# Demo: 
# Categorizing UFS Input Data Files by UFS Weather Model Application-to-Physics Suite  & Regression Tests

### __Introduction__

There is a need for developers/users using the UFS Weather Model to be able to determine what data is required for a given UFS Weather Model Application-to-Physics Suite build as well as for a given unique UFS weather model application's regression test. Currently, a reference table does not exist for which will map the UFS Application-to-Physics Suite to their corresponding required list of data files nor a reference table for which will map the UFS weather model application's regression tests to their required list of data files. 
According to the current structure of the UFS weather model framework, the details are hidden within it's regression test framework scripts -- in which each unique regression test (listed within the regression test framework's **rt.conf** script) is represented by a unique "test" script (within ufs-weather-model repo's **/tests/tests**). Each unique "test" script will then call unique configuration files residing within the following ufs-weather-model repo's folders:

- **/fv3_conf**
- **/parm file**

Note: Each unique regression test can only be applicable to a unique UFS Weather Model Application build. 

### __Purpose__ 

The purpose of the tool is to extract additional information regarding the input and baseline datasets residing within the RDHPCS relationship to the UFS Weather Model Application-to-Physics Suite & their corresponding set of regression tests -- in an effort to provide developers/users a mapping of the data files required for a given UFS Application-to-Physics Suite build as well as for a UFS application's given unique regression test. 

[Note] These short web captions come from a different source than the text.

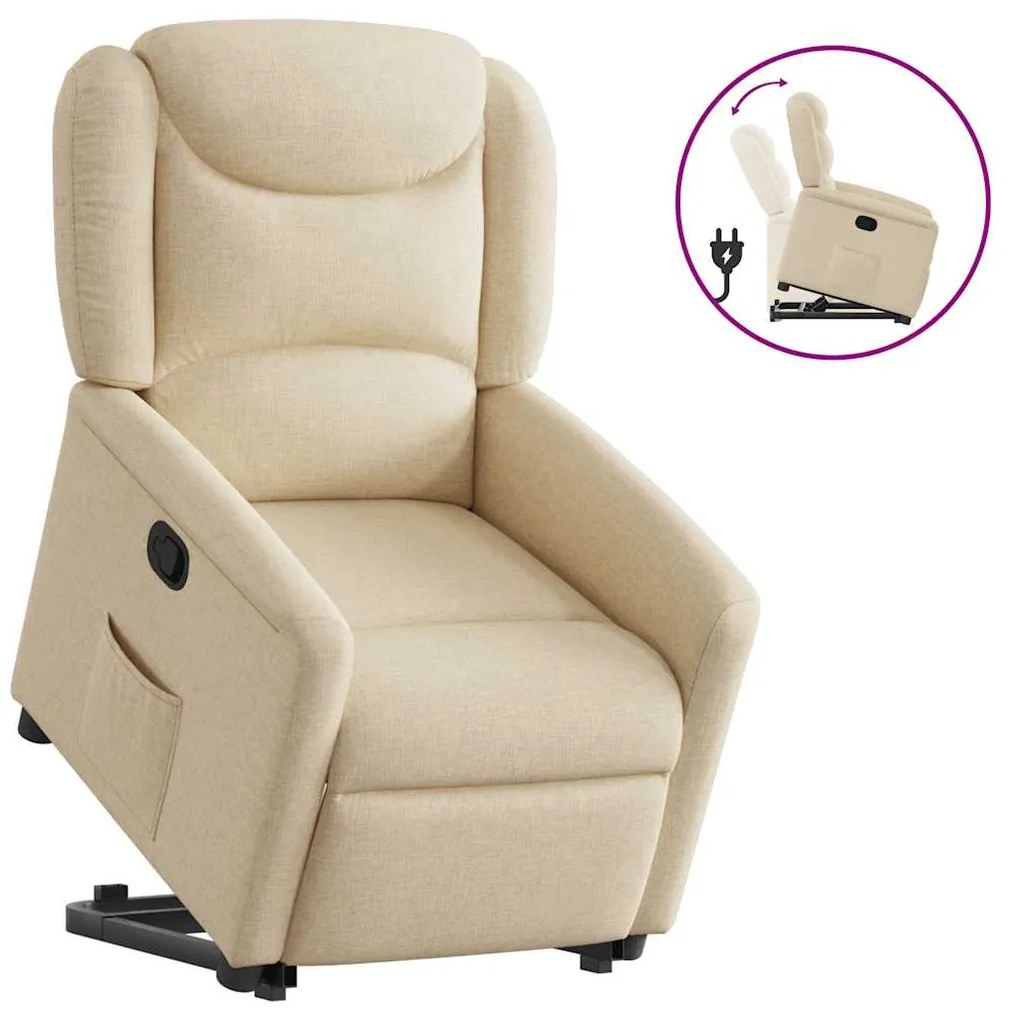 vidaXL Fotoliu rabatabil cu ridicare pe verticală, crem, textil
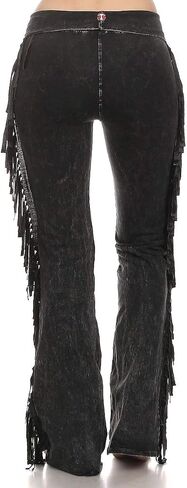 T PARTY Women's Fringe Leg Mineral Wash Yoga Pants in Saudi Arabia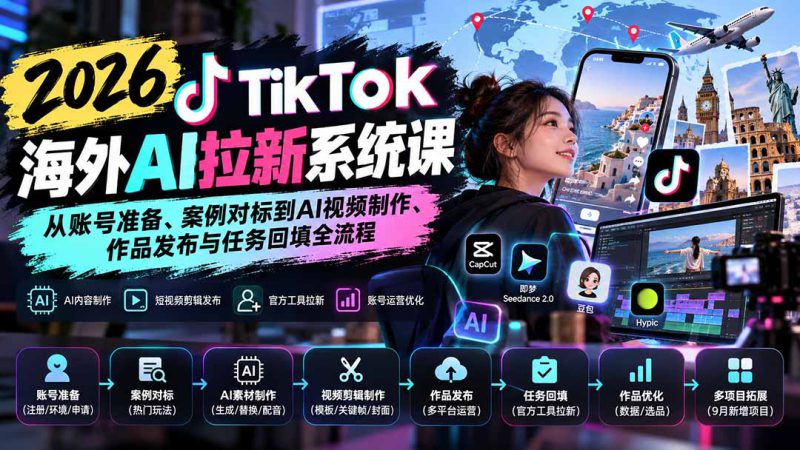（20675期）【无水印】2026 TikTok海外AI拉新系统课：从账号准备、案例对标到AI视频制作、作品发布与任务回填全流程_生财有道创业项目网-生财有道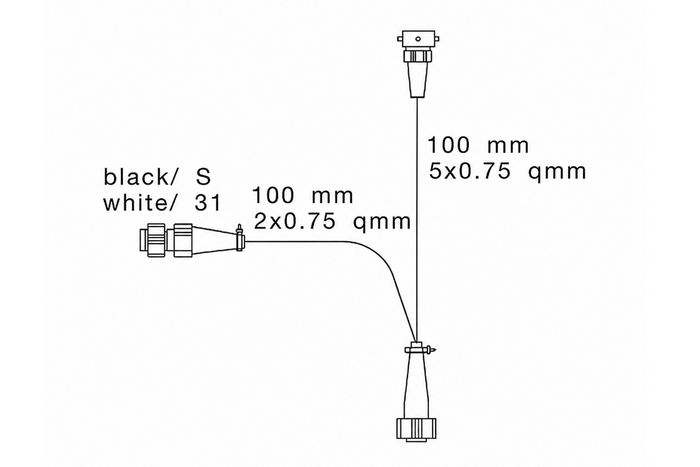 ASPOCK 5-tűs bajonett adapter ködlámpa és tolatólámpa elágazással 0,1m
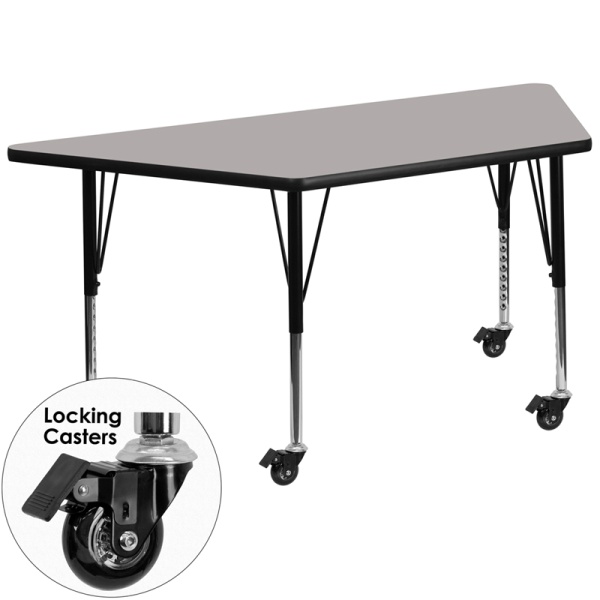 Mobile-25.5W-x-46.25L-Trapezoid-Grey-HP-Laminate-Activity-Table-Height-Adjustable-Short-Legs-by-Flash-Furniture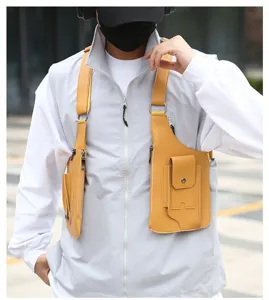 Herren Taktische Brusttasche Vintage PU Leder Halfter Tasche Outdoor Sport Weste Rucksack
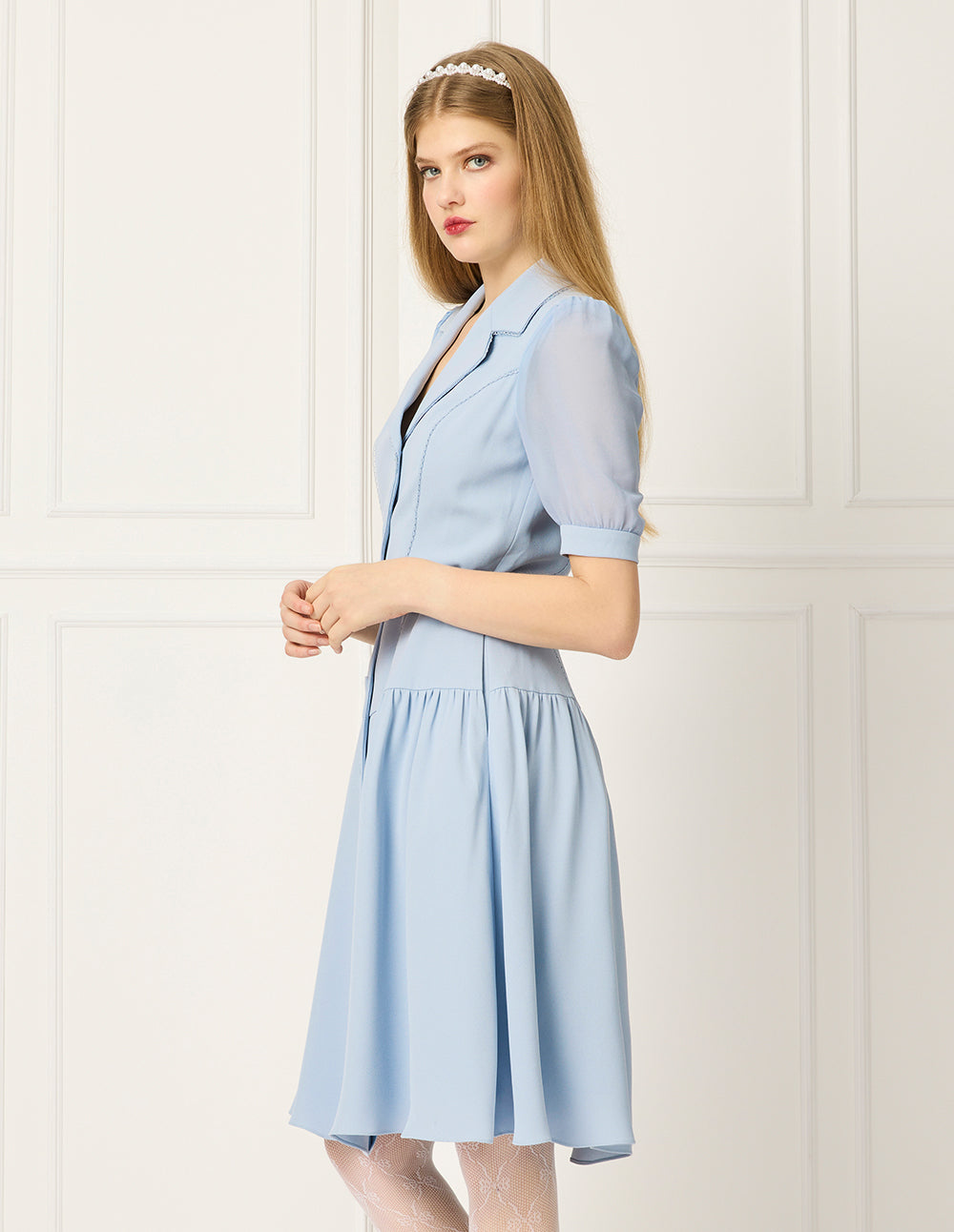 BORA AKSU Peaked Lapel Puff Short-Sleeve Single-Breasted Belted Pleated Midi Dress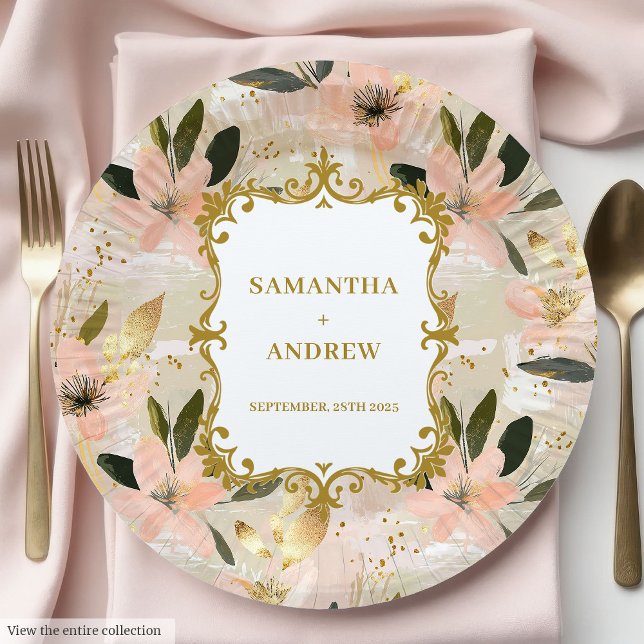 Plato De Papel Placas de papel de Boda dorado de Rubor bonito (Pretty Blush Gold Wedding Paper Plates)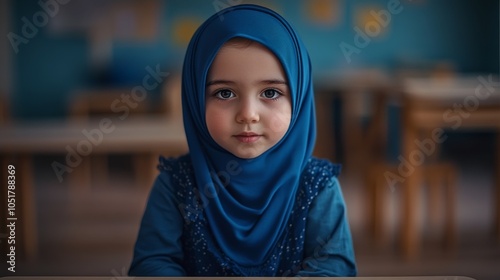 The child sits at a desk, chin resting on hands, a thoughtful expression on her face. Kids go back to school. Children study and learn for preschool.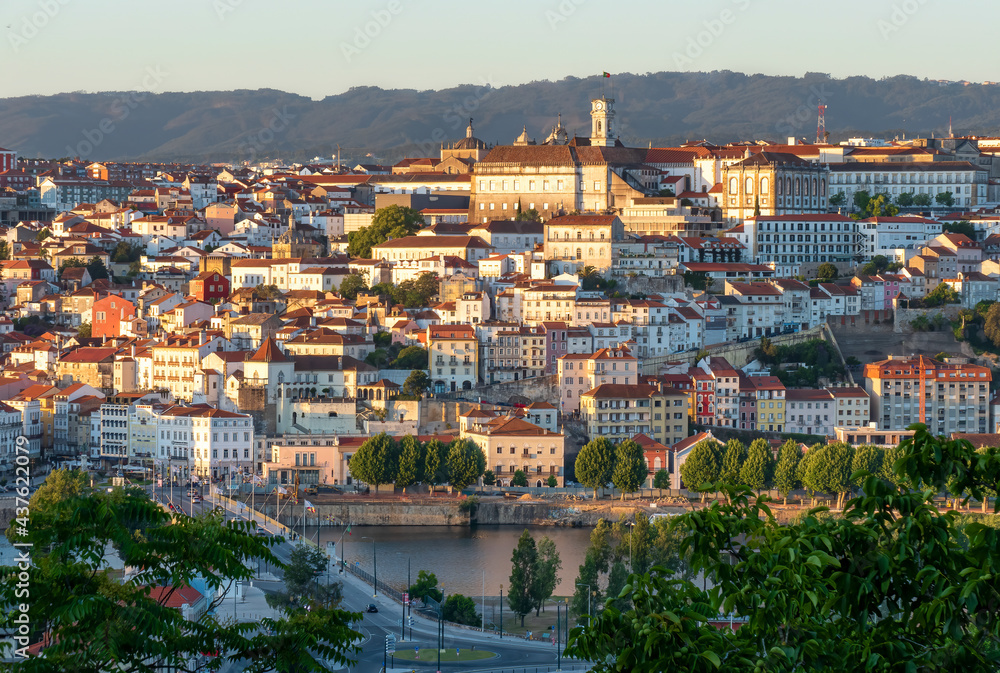 View of Coimbra from the convent of Santa Clara in the golden hour.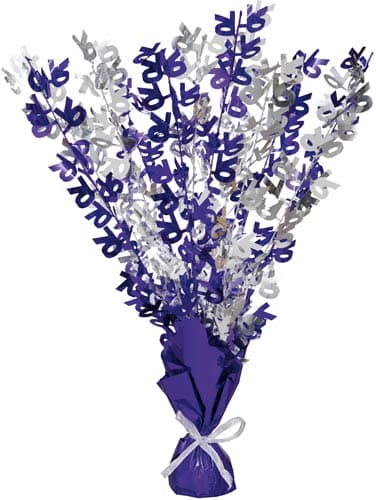 (image for) 70th Purple And Silver Foil Balloon Weight Centrepiece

In this demontration, the tool will be applied against the UFS input and baseline datasets residing within the RDHPC platform, Orion.

### __Capabilities__ 

The tool will be able to perform the following actions:

- Apply feature engineering to obtain additional information regarding the data files. 
  
- Extract all data filenames mapping them to their corresponding relative directory path, 
  root folder, filename, filesize, file format, compiler (if applicable), CNTL folder (if applicable),
  "input" or "restart" file type, resolution (km) category, resolution (C resolution) category. 
 
- Categorize & sort each data file into a given UFS Weather Model Application-to-Physics Suite build & Regression Tests.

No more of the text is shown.